START Supplied data

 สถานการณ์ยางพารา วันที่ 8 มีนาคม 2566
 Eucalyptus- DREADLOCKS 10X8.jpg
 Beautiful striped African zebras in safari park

END Supplied data
START Supplied data

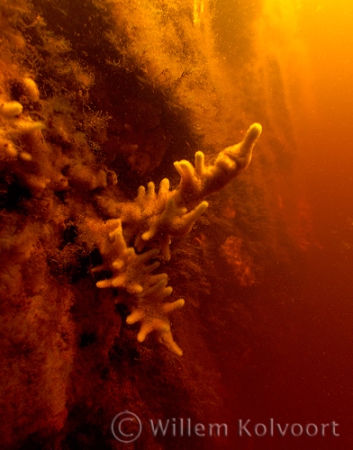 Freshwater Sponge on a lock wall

END Supplied data
START Supplied data

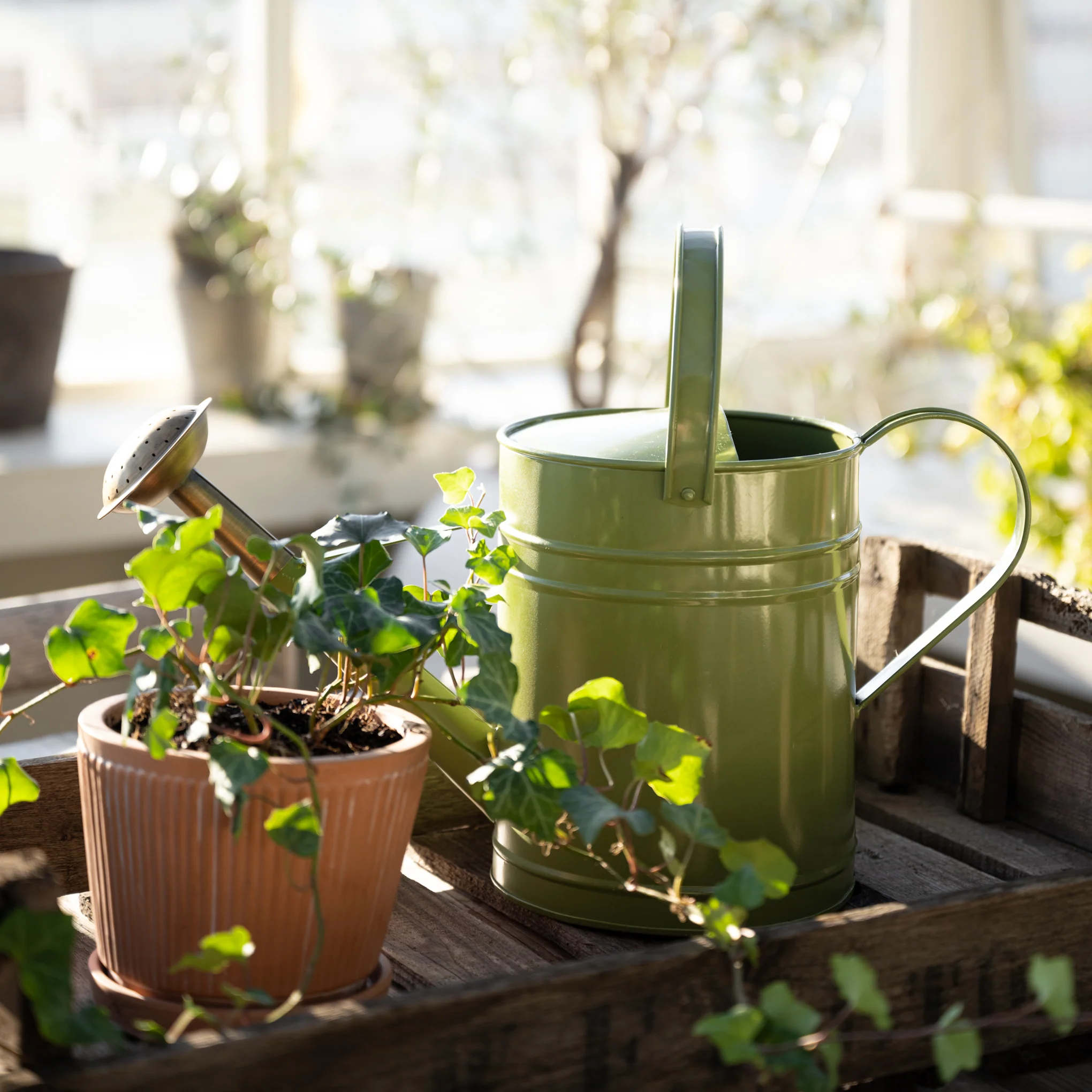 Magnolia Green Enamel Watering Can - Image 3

END Supplied data

**What the task asks**
Out of the material above, output word for word the line with "สถานการณ์ยางพารา วันที่ 8 มีนาคม 2566", the line with "Beautiful striped African", and all lines between them, with nothing else.

**Response area**
 สถานการณ์ยางพารา วันที่ 8 มีนาคม 2566
 Eucalyptus- DREADLOCKS 10X8.jpg
 Beautiful striped African zebras in safari park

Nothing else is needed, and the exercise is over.